On trouve fréquemment dans les entreprises et leurs contrats des confusions entre ces catégories, notamment entre les Articles 4 et Articles 4 Bis. Une telle confusion est de nature à les exposer à des risques de réclamation de la part des salariés qui auraient été privés de l’avantage en cause d’une part, et de redressement fiscal ou social d’autre part. 

La circulaire rappelle à ce titre que les « cadres dirigeants » au sens de l’article L.3111-2 ne peuvent constituer une catégorie objective

  1. Critère n° 2 : les tranches de rémunération 

Sur ce point également, l’article R.242-1-1 est très précis ; il ne s’agit pas de n’importe quelles tranches de rémunération. Il ne peut s’agir que des tranches de rémunération fixées pour le calcul des cotisations de retraites cadres et non cadres (AGIRC et ARRCO). 
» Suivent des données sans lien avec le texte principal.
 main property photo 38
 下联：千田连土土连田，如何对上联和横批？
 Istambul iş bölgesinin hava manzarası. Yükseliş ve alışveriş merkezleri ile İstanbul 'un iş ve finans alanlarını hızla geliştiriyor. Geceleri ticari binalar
Compte tenu des seuils applicables, les tranches de rémunération pouvant être légitimement retenues par les entreprises sont celles de 1, 3, 4 ou 8 fois le plafond de la sécurité sociale. 

Un seuil de 6 plafonds ne sera pas conforme, mais par tolérance, la circulaire admet celui de 2 plafonds. Pour éviter tout redressement, il serait cependant préférable de n’appliquer que les tranches de rémunération visées par le décret.

  1. Critère n° 3 : les catégories et classifications professionnelles définies par la convention collective de branche 

Ce critère vise le seul premier niveau de classification des salariés, tel que défini par la convention collective de branche. Ce critère doit en conséquence s’apprécier au niveau de chaque accord de branche.  Les classifications internes, même par voie d’accord collectif d’entreprise, ne peuvent être retenues.  

  1. Critère n° 4 : les sous-catégories visées par les conventions collectives  

Ces possibles sous-catégories doivent correspondre à une définition. Les coefficients ne sont pas reconnus comme des sous-catégories. 

  1. Critère n° 5 : l’appartenance aux catégories définies à partir des usages constants, généraux et fixes dans la profession 

Il s’agit des seuls usages de la profession, et non de l’entreprise. Il s’agira par exemple des pigistes, des travailleurs à domicile, des intermittents, etc. 

La circulaire rappelle que les critères liés au temps de travail, à la nature du contrat, à l’âge ou à l’ancienneté du salarié ne peuvent être retenus, sous réserve du dernier alinéa de l’article R.242-1-2 qui admet une condition d’ancienneté de 12 mois pour les contrats de retraite supplémentaire et de prévoyance, et de 6 mois pour les autres garanties. La circulaire intègre la garantie dépendance aux garanties de prévoyance. 

Les dispositions applicables aux régimes de prévoyance et de frais de santé vont encore prochainement évoluer. 

Il sera rappelé que la loi de sécurisation de l’emploi a prévu l’obligation pour toutes les entreprises de faire bénéficier leurs salariés d’une couverture minimale au titre des Frais de Santé au plus tard le 1er janvier 2016. 

La loi de finances pour 2014 prévoit de son côté d’assujettir à l’impôt sur le revenu la part patronale des contrats Frais de Santé, et ce même s’ils ont un caractère obligatoire et collectif. La part patronale serait donc intégrée au net imposable de chaque salarié dès les revenus 2013. 

Pour terminer sur cette actualité prévoyance, un arrêt de la chambre sociale de la Cour de Cassation du 18 septembre 2013, n°12-15.161, suffit à rappeler les risques encourus par une entreprise qui n’a pas vérifié la concordance entre ses obligations conventionnelles et les garanties souscrites auprès de son assureur : un chirurgien salarié a ainsi obtenu le paiement par son employeur de la rente d’incapacité prévue à la convention collective que le contrat d’assurance limitait aux seuls salariés de moins de 60 ans. L’entreprise a eu à assumer plusieurs centaines de milliers d’euros au titre de cette rente.